**Given records**:
────

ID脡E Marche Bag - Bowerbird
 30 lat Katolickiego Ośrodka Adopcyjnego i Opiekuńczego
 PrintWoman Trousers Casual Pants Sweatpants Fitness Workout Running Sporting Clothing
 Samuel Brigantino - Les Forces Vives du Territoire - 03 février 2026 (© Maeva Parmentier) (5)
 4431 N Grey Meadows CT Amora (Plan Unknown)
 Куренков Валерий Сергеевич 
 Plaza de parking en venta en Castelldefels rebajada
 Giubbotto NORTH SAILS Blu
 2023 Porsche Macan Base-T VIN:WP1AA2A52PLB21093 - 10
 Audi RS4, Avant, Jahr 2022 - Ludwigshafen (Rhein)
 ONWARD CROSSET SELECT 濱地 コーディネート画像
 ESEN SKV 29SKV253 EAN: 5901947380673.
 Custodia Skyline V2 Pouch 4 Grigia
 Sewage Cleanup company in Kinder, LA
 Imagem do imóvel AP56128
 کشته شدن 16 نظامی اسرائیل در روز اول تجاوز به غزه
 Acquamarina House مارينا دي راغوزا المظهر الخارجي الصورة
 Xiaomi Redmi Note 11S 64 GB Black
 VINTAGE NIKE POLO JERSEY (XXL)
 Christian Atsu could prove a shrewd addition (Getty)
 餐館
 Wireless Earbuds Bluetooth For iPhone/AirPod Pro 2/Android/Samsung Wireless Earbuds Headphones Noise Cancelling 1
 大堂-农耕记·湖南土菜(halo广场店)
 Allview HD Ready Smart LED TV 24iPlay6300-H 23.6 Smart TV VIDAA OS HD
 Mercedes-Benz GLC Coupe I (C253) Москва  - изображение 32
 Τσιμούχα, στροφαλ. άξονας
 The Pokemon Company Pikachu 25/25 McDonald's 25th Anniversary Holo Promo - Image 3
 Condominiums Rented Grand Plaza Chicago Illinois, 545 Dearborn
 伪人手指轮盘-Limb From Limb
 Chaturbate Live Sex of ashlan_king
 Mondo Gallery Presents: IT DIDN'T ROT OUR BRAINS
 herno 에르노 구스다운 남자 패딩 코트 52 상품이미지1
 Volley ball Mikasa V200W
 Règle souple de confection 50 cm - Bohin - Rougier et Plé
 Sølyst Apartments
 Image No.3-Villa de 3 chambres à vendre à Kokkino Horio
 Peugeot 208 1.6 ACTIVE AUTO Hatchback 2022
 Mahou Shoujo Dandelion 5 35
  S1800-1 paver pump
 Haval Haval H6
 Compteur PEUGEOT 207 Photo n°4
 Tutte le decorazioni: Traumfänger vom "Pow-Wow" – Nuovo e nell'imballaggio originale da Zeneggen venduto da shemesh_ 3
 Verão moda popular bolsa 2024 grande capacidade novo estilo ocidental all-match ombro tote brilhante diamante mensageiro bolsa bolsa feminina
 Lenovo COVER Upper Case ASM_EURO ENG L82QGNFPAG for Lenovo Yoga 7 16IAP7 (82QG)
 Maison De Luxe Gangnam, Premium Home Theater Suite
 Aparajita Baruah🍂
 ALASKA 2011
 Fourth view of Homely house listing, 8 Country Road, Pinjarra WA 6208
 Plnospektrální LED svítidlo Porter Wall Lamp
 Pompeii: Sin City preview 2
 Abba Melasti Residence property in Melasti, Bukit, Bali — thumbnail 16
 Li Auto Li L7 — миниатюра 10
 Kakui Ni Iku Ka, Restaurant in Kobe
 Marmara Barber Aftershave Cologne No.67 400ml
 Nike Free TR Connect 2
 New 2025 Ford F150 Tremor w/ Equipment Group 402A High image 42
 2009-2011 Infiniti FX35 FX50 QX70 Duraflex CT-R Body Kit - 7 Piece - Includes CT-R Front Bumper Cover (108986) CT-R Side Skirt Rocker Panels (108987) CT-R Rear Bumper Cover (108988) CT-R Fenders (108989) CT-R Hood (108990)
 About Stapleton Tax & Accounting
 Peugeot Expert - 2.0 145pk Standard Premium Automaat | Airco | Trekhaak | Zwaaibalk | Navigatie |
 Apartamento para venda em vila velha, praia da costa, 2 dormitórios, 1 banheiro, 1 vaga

────

**Prompt**:
Word for word, transcribe all of the material.

**Task answer**:
ID脡E Marche Bag - Bowerbird
 30 lat Katolickiego Ośrodka Adopcyjnego i Opiekuńczego
 PrintWoman Trousers Casual Pants Sweatpants Fitness Workout Running Sporting Clothing
 Samuel Brigantino - Les Forces Vives du Territoire - 03 février 2026 (© Maeva Parmentier) (5)
 4431 N Grey Meadows CT Amora (Plan Unknown)
 Куренков Валерий Сергеевич 
 Plaza de parking en venta en Castelldefels rebajada
 Giubbotto NORTH SAILS Blu
 2023 Porsche Macan Base-T VIN:WP1AA2A52PLB21093 - 10
 Audi RS4, Avant, Jahr 2022 - Ludwigshafen (Rhein)
 ONWARD CROSSET SELECT 濱地 コーディネート画像
 ESEN SKV 29SKV253 EAN: 5901947380673.
 Custodia Skyline V2 Pouch 4 Grigia
 Sewage Cleanup company in Kinder, LA
 Imagem do imóvel AP56128
 کشته شدن 16 نظامی اسرائیل در روز اول تجاوز به غزه
 Acquamarina House مارينا دي راغوزا المظهر الخارجي الصورة
 Xiaomi Redmi Note 11S 64 GB Black
 VINTAGE NIKE POLO JERSEY (XXL)
 Christian Atsu could prove a shrewd addition (Getty)
 餐館
 Wireless Earbuds Bluetooth For iPhone/AirPod Pro 2/Android/Samsung Wireless Earbuds Headphones Noise Cancelling 1
 大堂-农耕记·湖南土菜(halo广场店)
 Allview HD Ready Smart LED TV 24iPlay6300-H 23.6 Smart TV VIDAA OS HD
 Mercedes-Benz GLC Coupe I (C253) Москва  - изображение 32
 Τσιμούχα, στροφαλ. άξονας
 The Pokemon Company Pikachu 25/25 McDonald's 25th Anniversary Holo Promo - Image 3
 Condominiums Rented Grand Plaza Chicago Illinois, 545 Dearborn
 伪人手指轮盘-Limb From Limb
 Chaturbate Live Sex of ashlan_king
 Mondo Gallery Presents: IT DIDN'T ROT OUR BRAINS
 herno 에르노 구스다운 남자 패딩 코트 52 상품이미지1
 Volley ball Mikasa V200W
 Règle souple de confection 50 cm - Bohin - Rougier et Plé
 Sølyst Apartments
 Image No.3-Villa de 3 chambres à vendre à Kokkino Horio
 Peugeot 208 1.6 ACTIVE AUTO Hatchback 2022
 Mahou Shoujo Dandelion 5 35
  S1800-1 paver pump
 Haval Haval H6
 Compteur PEUGEOT 207 Photo n°4
 Tutte le decorazioni: Traumfänger vom "Pow-Wow" – Nuovo e nell'imballaggio originale da Zeneggen venduto da shemesh_ 3
 Verão moda popular bolsa 2024 grande capacidade novo estilo ocidental all-match ombro tote brilhante diamante mensageiro bolsa bolsa feminina
 Lenovo COVER Upper Case ASM_EURO ENG L82QGNFPAG for Lenovo Yoga 7 16IAP7 (82QG)
 Maison De Luxe Gangnam, Premium Home Theater Suite
 Aparajita Baruah🍂
 ALASKA 2011
 Fourth view of Homely house listing, 8 Country Road, Pinjarra WA 6208
 Plnospektrální LED svítidlo Porter Wall Lamp
 Pompeii: Sin City preview 2
 Abba Melasti Residence property in Melasti, Bukit, Bali — thumbnail 16
 Li Auto Li L7 — миниатюра 10
 Kakui Ni Iku Ka, Restaurant in Kobe
 Marmara Barber Aftershave Cologne No.67 400ml
 Nike Free TR Connect 2
 New 2025 Ford F150 Tremor w/ Equipment Group 402A High image 42
 2009-2011 Infiniti FX35 FX50 QX70 Duraflex CT-R Body Kit - 7 Piece - Includes CT-R Front Bumper Cover (108986) CT-R Side Skirt Rocker Panels (108987) CT-R Rear Bumper Cover (108988) CT-R Fenders (108989) CT-R Hood (108990)
 About Stapleton Tax & Accounting
 Peugeot Expert - 2.0 145pk Standard Premium Automaat | Airco | Trekhaak | Zwaaibalk | Navigatie |
 Apartamento para venda em vila velha, praia da costa, 2 dormitórios, 1 banheiro, 1 vaga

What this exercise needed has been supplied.